## WORK REQUIRED
Copy each of the entries below faithfully, setting aside any pictures.

## EXCERPTED RECORDS
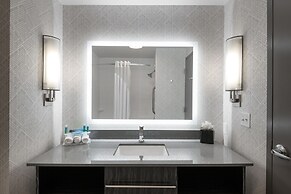 Holiday Inn Express & Suites Charlotte Airport by IHG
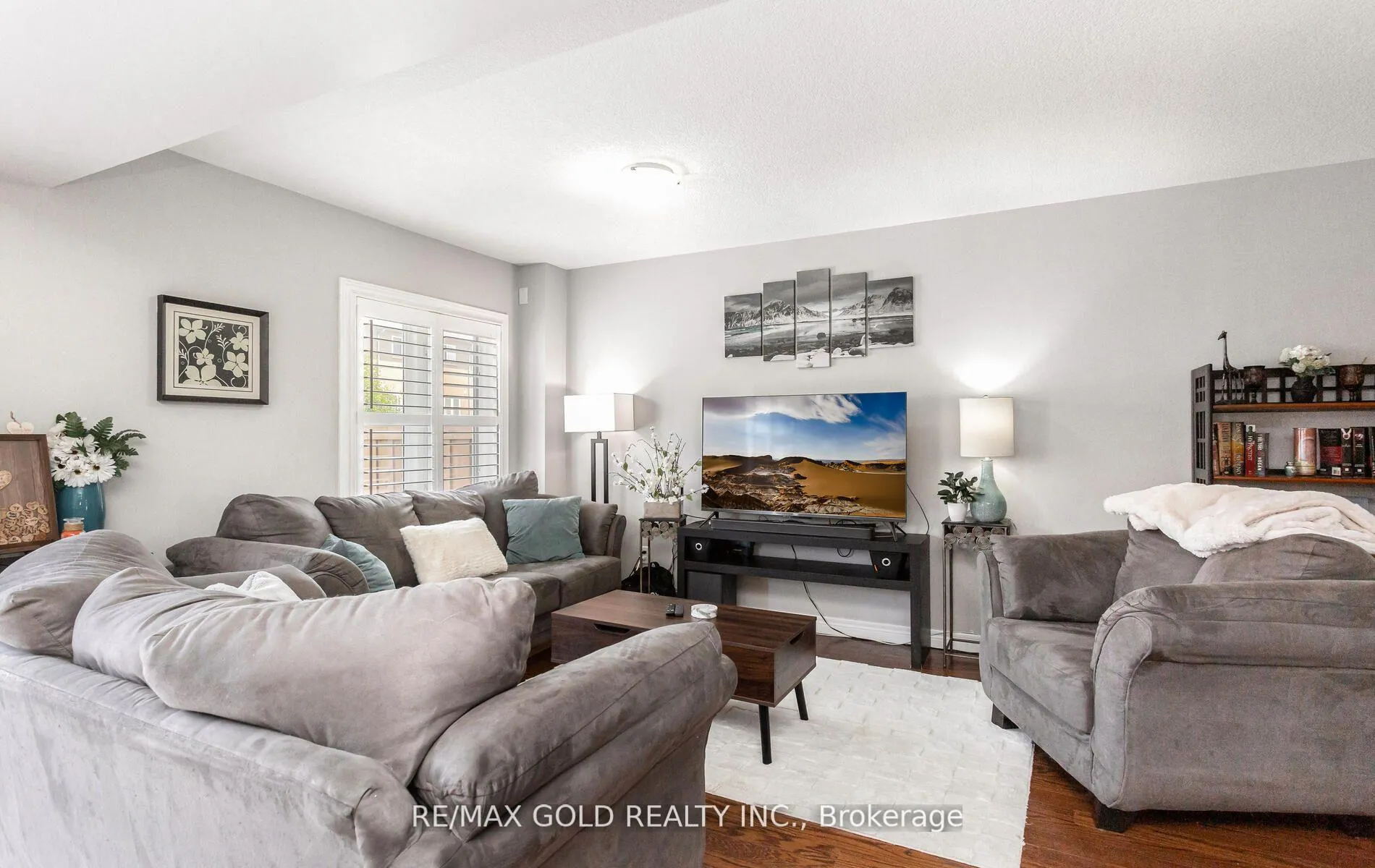 Photo 12 of 43 Waterbridge Street, Hamilton, Stoney Creek — HOMEH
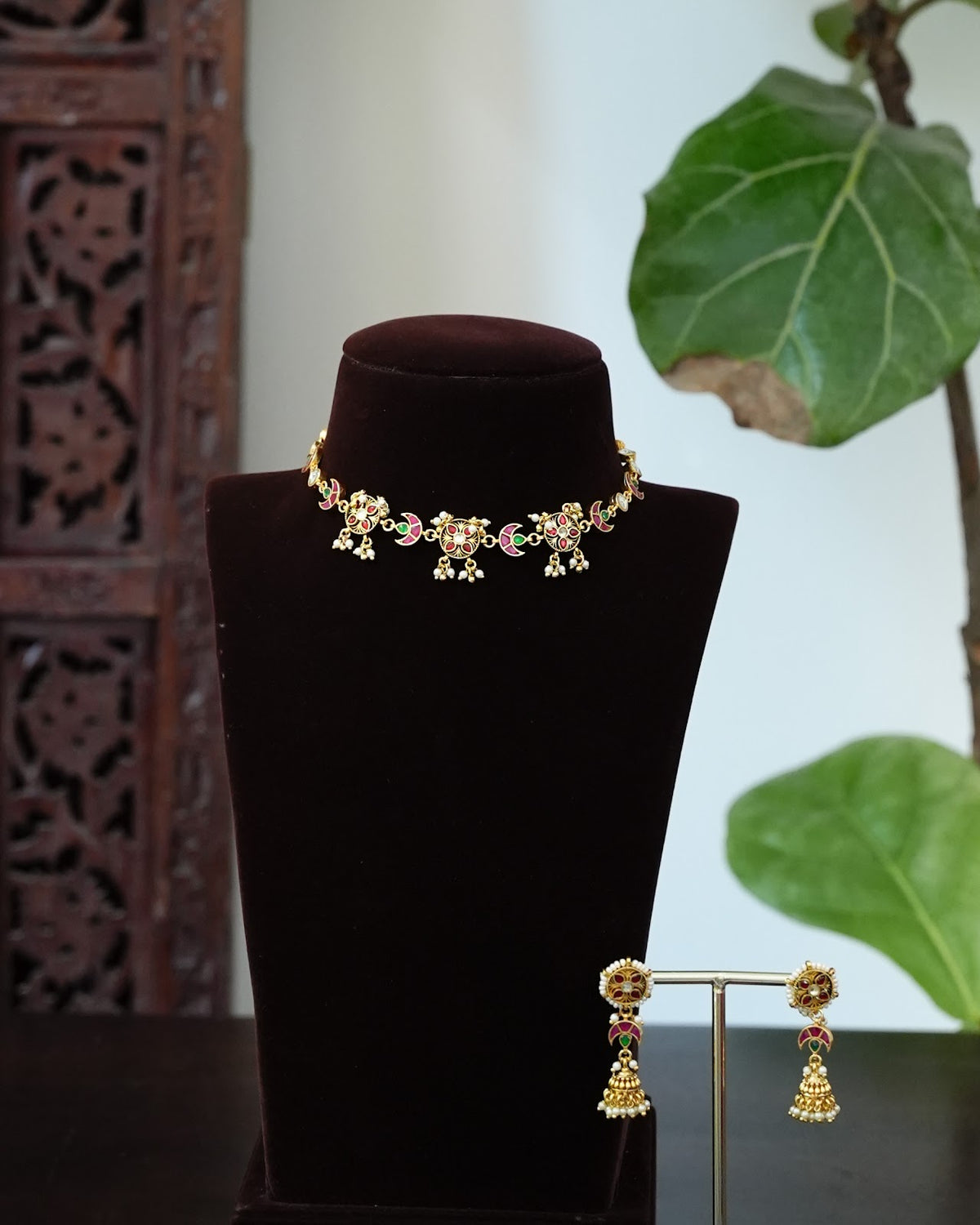 Pachi Kundan Floral Chand Choker with Earrings | Handmade Gold Plated | NC901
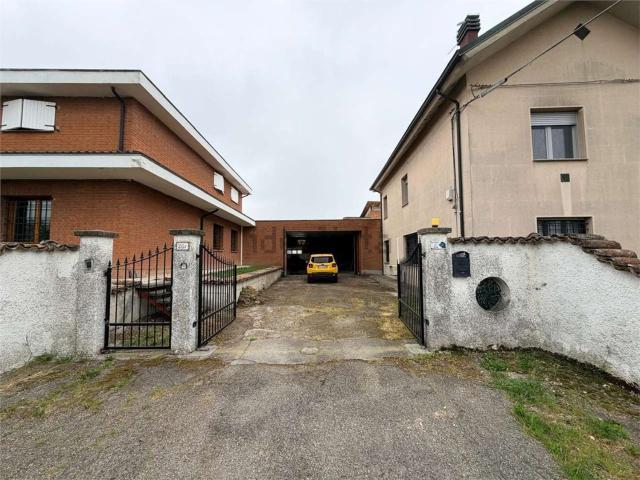 Locale in affitto di 350 m² in Via Marzaglia, 26
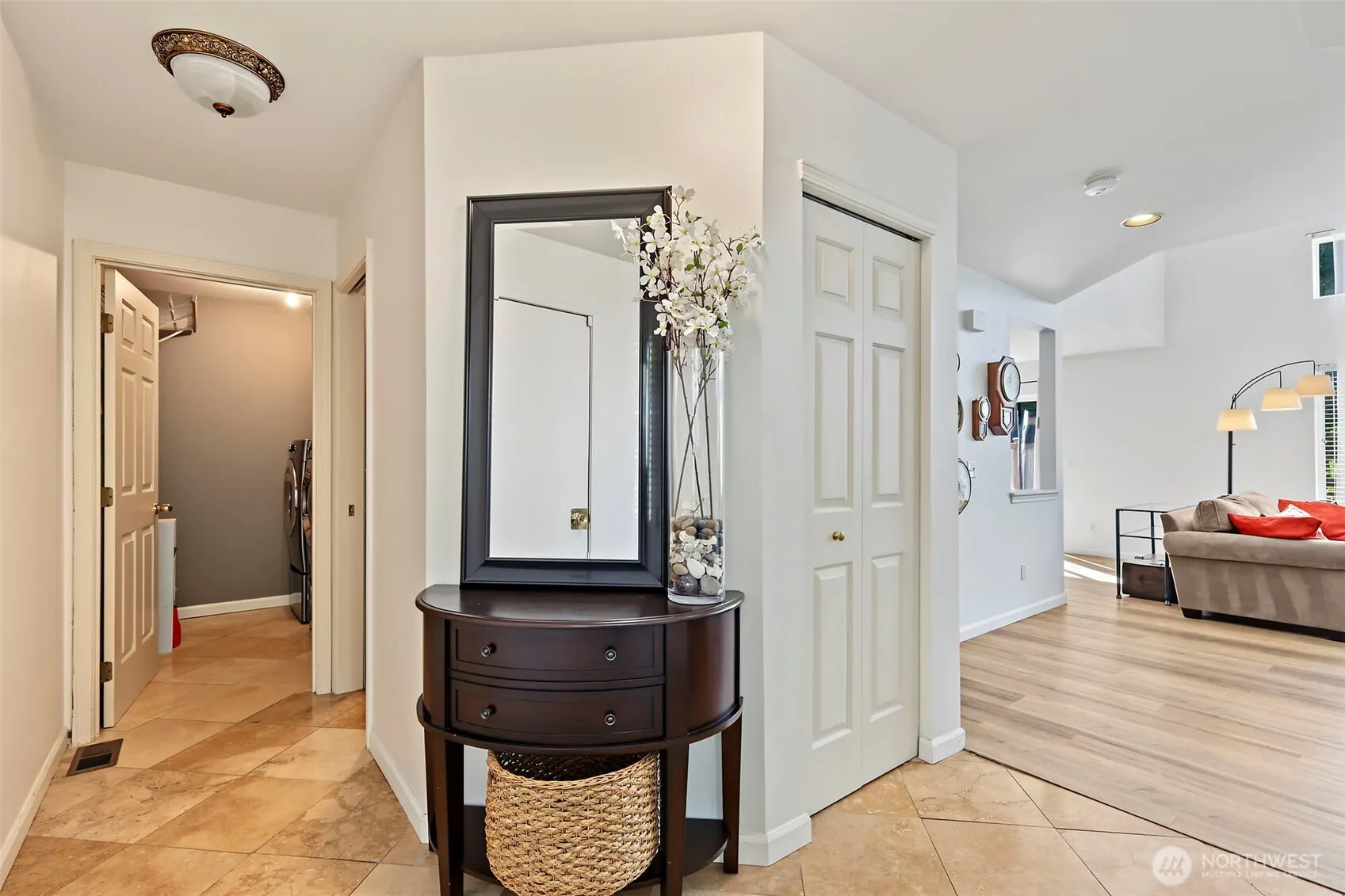 11502 SE 221st Place , Kent, WA 98031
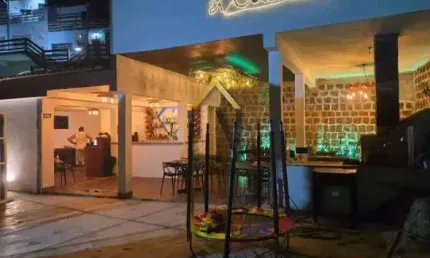 Oportunidade única na praia grande – mansão com potencial comercial e resid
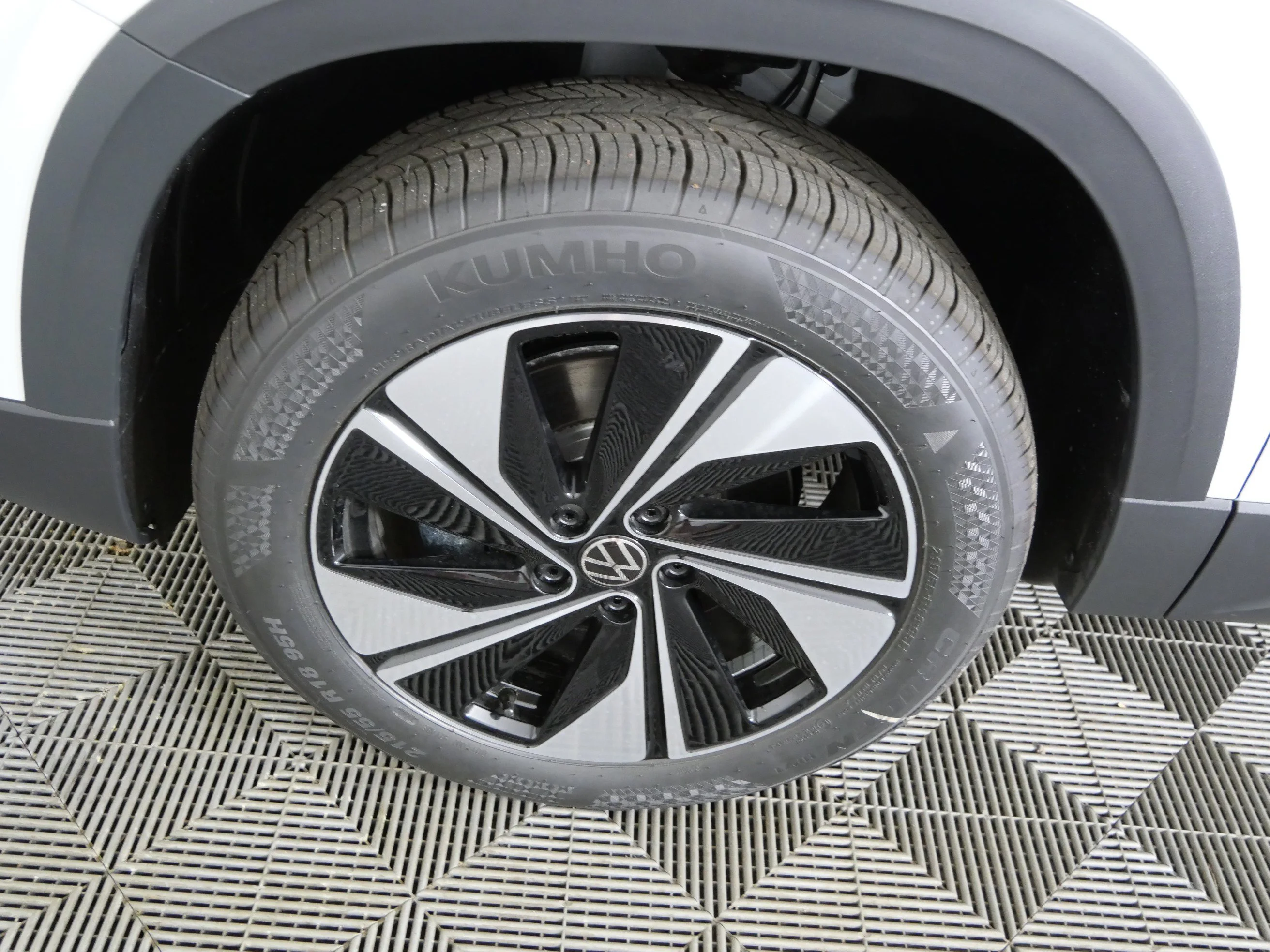 New 2026 Pure White Volkswagen SE image 15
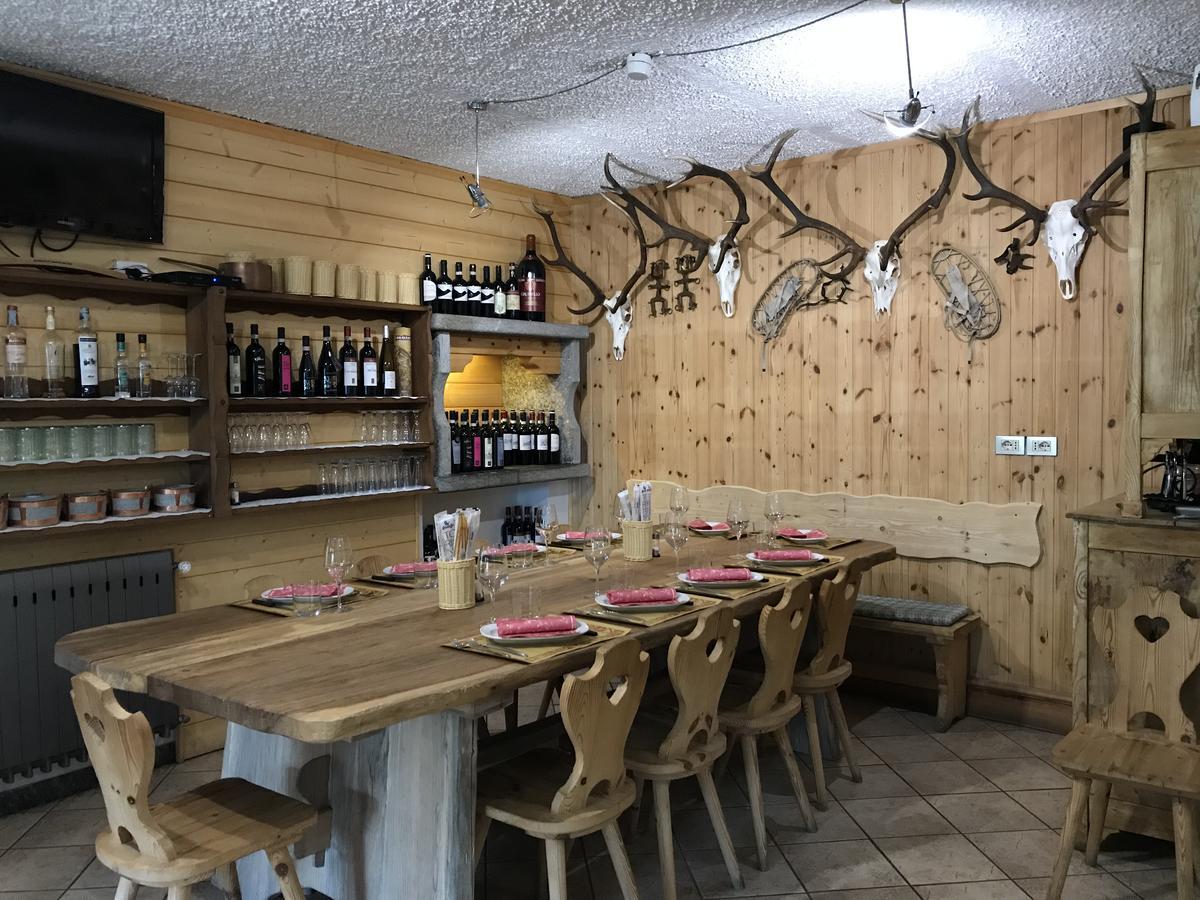 Sasso Nero Hotel Chiesa in Valmalenco Kültér fotó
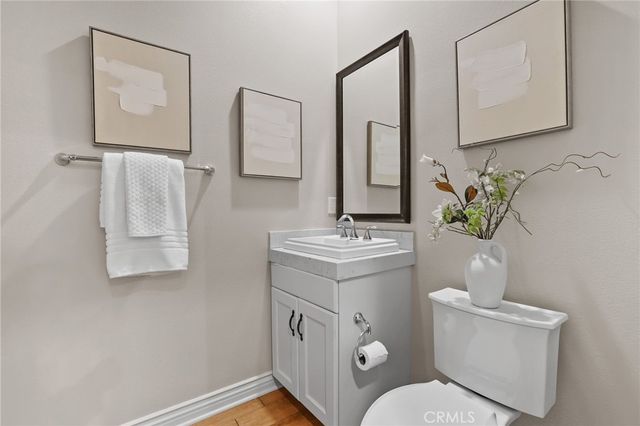 10 Shadybend, Irvine, CA 92602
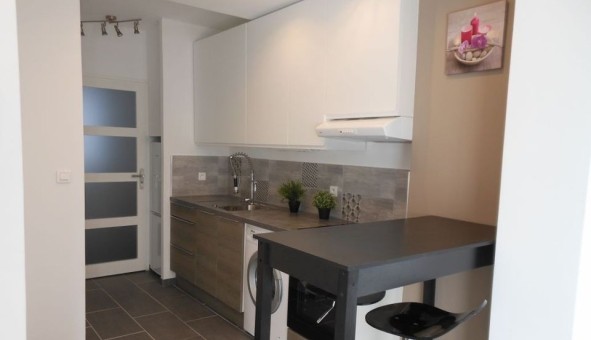 Logement �tudiant Studio &agrave; La Seyne sur Mer (83500)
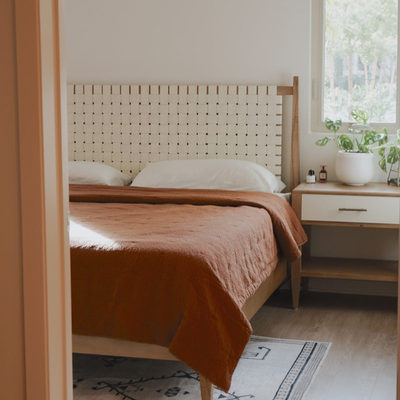 Rio White Leather and Wood Queen Bed - image 14 of 15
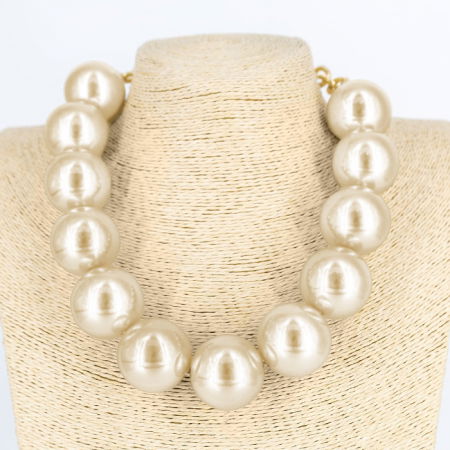 Coliere & Lanțuri - Colier scurt in stil retro, cu bile mari alb perlat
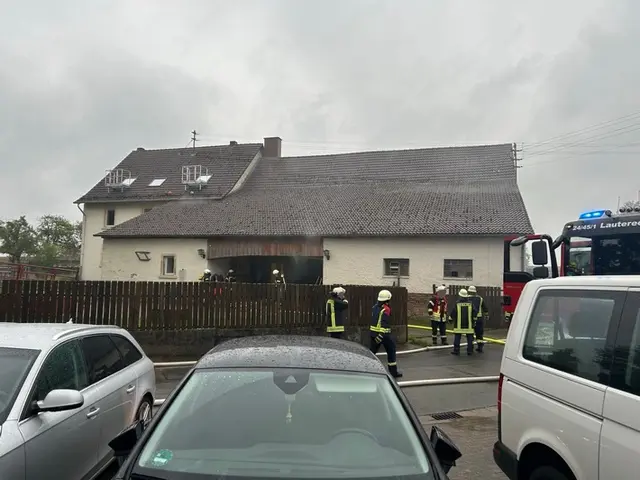 Heuballen geraten in Brand | Foto: Polizei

## EXERCISE RESULT
 Holiday Inn Express & Suites Charlotte Airport by IHG
 Photo 12 of 43 Waterbridge Street, Hamilton, Stoney Creek — HOMEH
 Pachi Kundan Floral Chand Choker with Earrings | Handmade Gold Plated | NC901
 Locale in affitto di 350 m² in Via Marzaglia, 26
 11502 SE 221st Place , Kent, WA 98031
 Oportunidade única na praia grande – mansão com potencial comercial e resid
 New 2026 Pure White Volkswagen SE image 15
 Sasso Nero Hotel Chiesa in Valmalenco Kültér fotó
 10 Shadybend, Irvine, CA 92602
 Logement �tudiant Studio &agrave; La Seyne sur Mer (83500)
 Rio White Leather and Wood Queen Bed - image 14 of 15
 Coliere & Lanțuri - Colier scurt in stil retro, cu bile mari alb perlat
 Heuballen geraten in Brand | Foto: Polizei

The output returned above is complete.